Each line in the material below, starting at the one with "this 700×386 image." and ending at the one with "this 688×1024 image.", is to be reproduced exactly; no picture is to be copied.

▸ PROVIDED MATERIAL
-- Opening Marker --

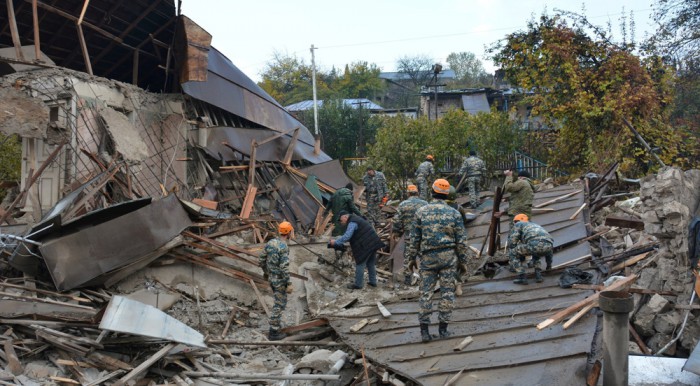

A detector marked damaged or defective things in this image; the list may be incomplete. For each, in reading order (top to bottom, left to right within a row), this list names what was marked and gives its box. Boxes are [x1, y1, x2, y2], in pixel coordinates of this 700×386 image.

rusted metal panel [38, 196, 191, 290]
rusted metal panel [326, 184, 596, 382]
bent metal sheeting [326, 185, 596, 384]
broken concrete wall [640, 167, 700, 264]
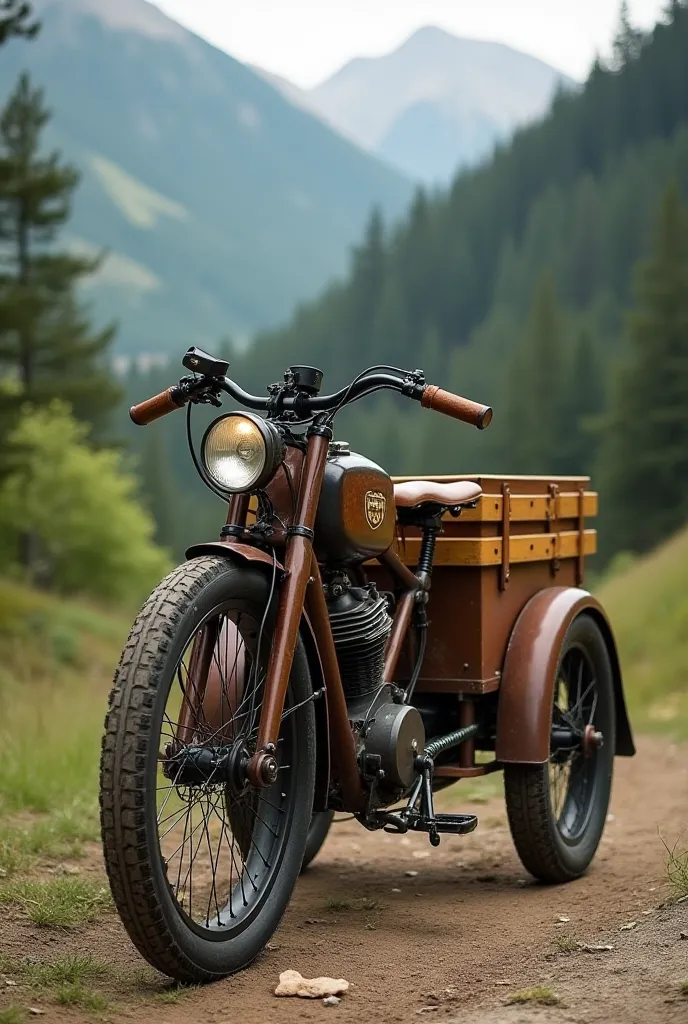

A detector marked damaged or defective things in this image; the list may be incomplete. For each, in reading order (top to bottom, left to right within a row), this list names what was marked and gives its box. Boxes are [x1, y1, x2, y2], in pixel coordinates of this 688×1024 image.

-- Closing Marker --
-- Opening Marker --

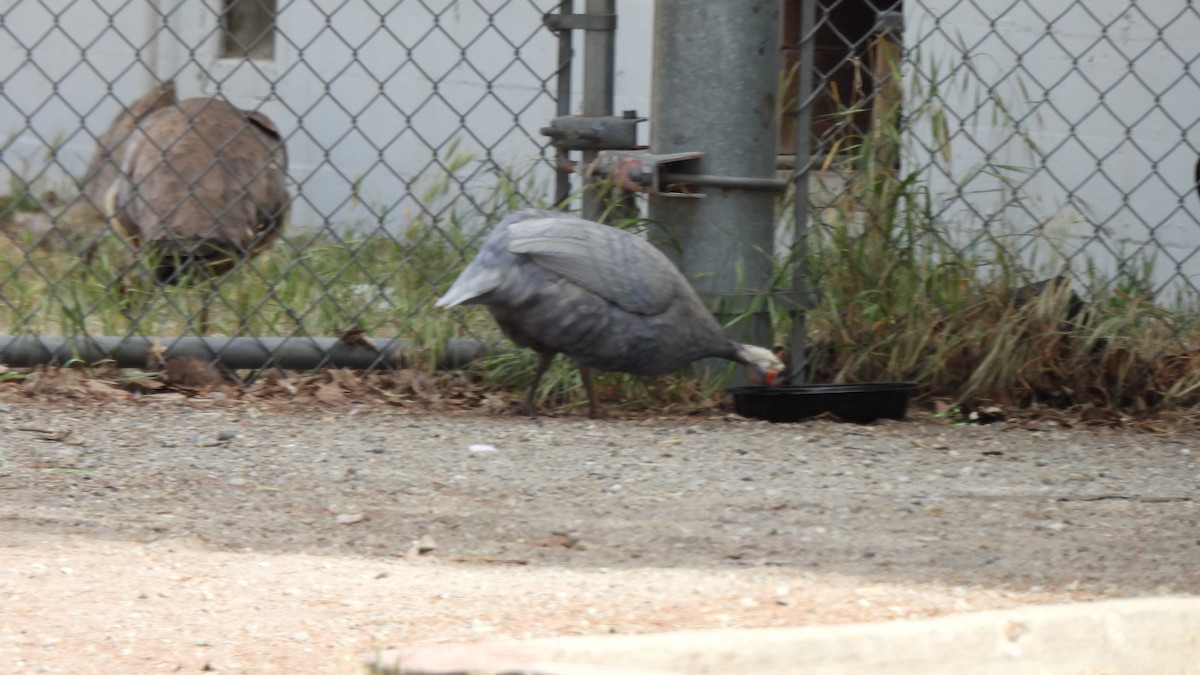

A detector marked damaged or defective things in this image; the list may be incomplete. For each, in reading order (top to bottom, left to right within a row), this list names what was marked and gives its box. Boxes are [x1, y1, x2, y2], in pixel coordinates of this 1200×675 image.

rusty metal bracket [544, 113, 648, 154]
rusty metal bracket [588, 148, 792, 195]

-- Closing Marker --
-- Opening Marker --

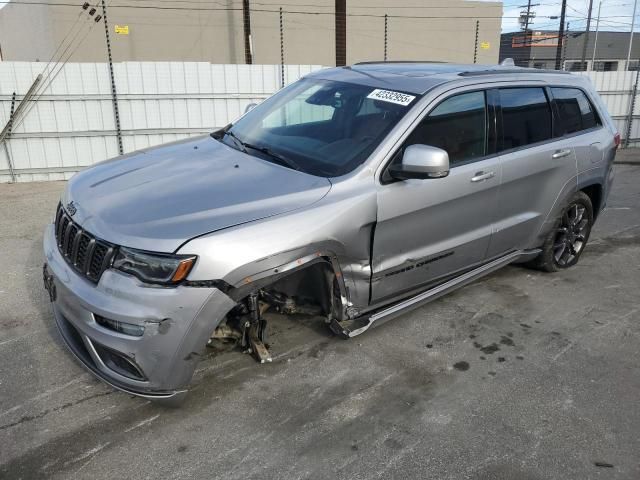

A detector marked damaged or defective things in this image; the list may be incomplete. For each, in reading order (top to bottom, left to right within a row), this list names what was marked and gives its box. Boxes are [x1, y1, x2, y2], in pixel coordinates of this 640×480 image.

-- Closing Marker --

▸ THE COMPLETED TASK
A detector marked damaged or defective things in this image; the list may be incomplete. For each, in reading order (top to bottom, left to right within a row), this list names what was marked and gives its box. Boxes are [x1, y1, x2, y2], in pixel coordinates of this 700×386 image.

rusted metal panel [38, 196, 191, 290]
rusted metal panel [326, 184, 596, 382]
bent metal sheeting [326, 185, 596, 384]
broken concrete wall [640, 167, 700, 264]

A detector marked damaged or defective things in this image; the list may be incomplete. For each, in reading order (top to bottom, left to right within a row), this list names what was marked and gives its box. Boxes are [x1, y1, x2, y2], in pixel coordinates of this 688×1024 image.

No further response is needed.